:: Input records ::
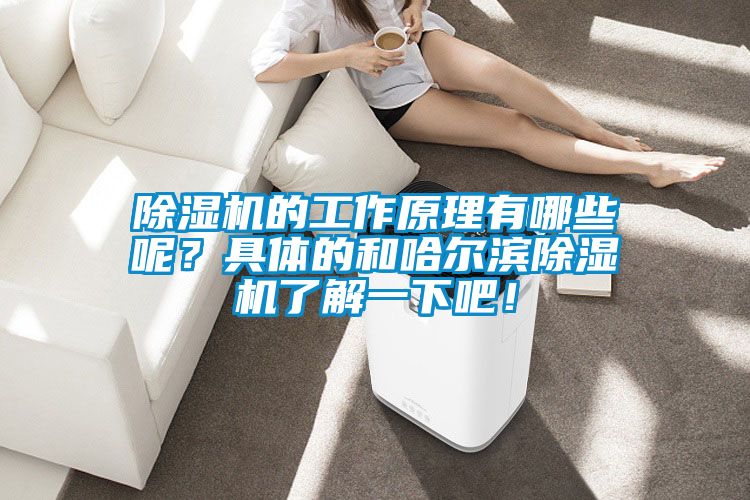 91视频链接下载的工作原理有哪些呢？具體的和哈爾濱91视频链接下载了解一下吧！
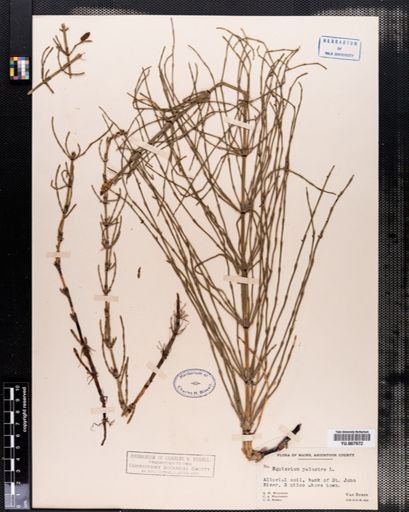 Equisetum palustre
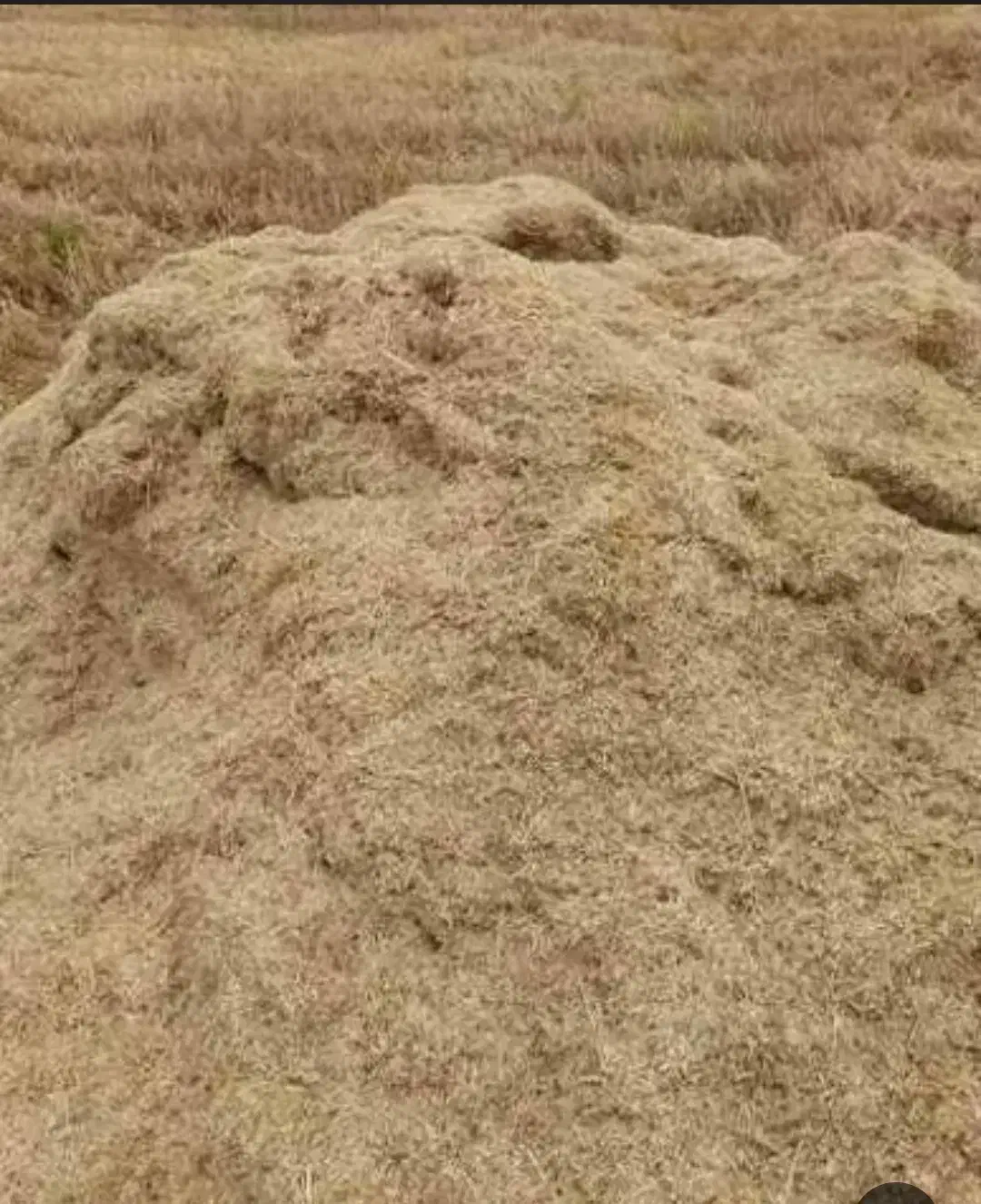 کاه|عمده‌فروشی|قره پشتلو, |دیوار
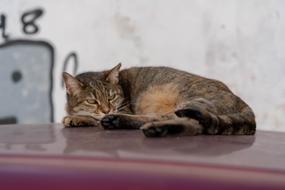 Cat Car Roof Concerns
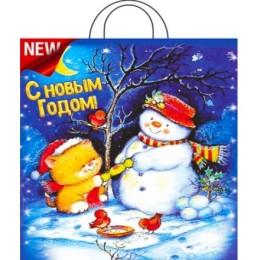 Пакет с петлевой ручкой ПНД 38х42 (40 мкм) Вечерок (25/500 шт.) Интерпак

---

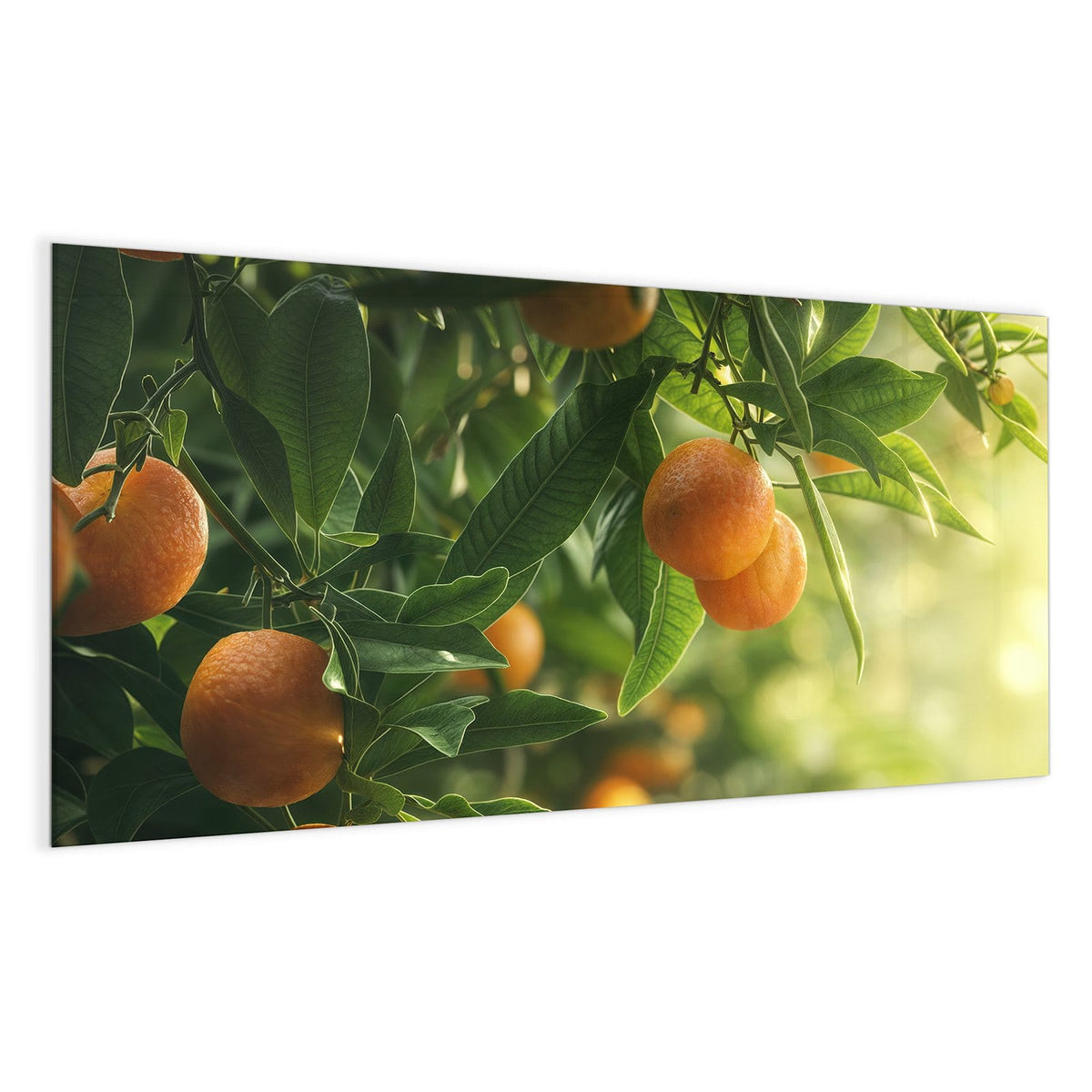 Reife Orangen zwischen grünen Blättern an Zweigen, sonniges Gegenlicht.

:: Task to carry out ::
Look above for the line with "Cat Car Roof Concerns"; quote it and every line after it, stopping after the line with "Пакет с петлевой", exactly, with nothing added and without pictures.

:: Solved problem ::
 Cat Car Roof Concerns
 Пакет с петлевой ручкой ПНД 38х42 (40 мкм) Вечерок (25/500 шт.) Интерпак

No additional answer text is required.